16 comments for “Craig Murray: New Legal Hurdles for Julian Assange

  1. Alistair
    March 17, 2022 at 11:57

    I find it interesting that, at a time when the West is condemning Russia for its invasion of Ukraine and the President of the United States has condemned the Russian President for committing war crimes, that that same country (the US), aided and abetted by the UK, should be seeking to extradite and then incarcerate for a significant number of years whose only ‘crime’ was bringing incidences of war crimes to the public’s attention. Kafkaesque.

  2. mark parker
    March 16, 2022 at 08:38

    The principal is wrong. It’s like a machine that cannot function because it’s been sabotaged. It should be powerful, but the oil has been drained.

    Australia’s most wanted was recently arrested for Conspiracy to murder. Pompeo and Trump were not.

    Civilizations fail when laws only apply to one class of people and not to all classes.
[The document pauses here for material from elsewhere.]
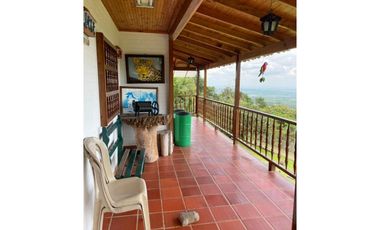 FINCA EN VENTA EN EL CASTILLO SANTA ELENA EL CERRITO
    No criminals should ever be above just law.

    Yet in the UK we see war criminals protected from all prosecution despite the horrific nature of crimes. In the US it’s clearly the same. Where there is no hint even of prosecution despite clear evidence.

    At the other extreme is imprisonment without trial nor crime. Anyone facing jail deserves a just trial before a jury, so the people have their say in justice. There is no higher authority. Governments exist to serve them.

    Nor is there anyone more equipped to judge between right and wrong than the people.

    Nine years imprisonment in Australia for refugees without crime and without trial is outrageous, it’s both illegal and unacceptable. As is the imprisonment or prosecution of whistleblowers for doing the right thing.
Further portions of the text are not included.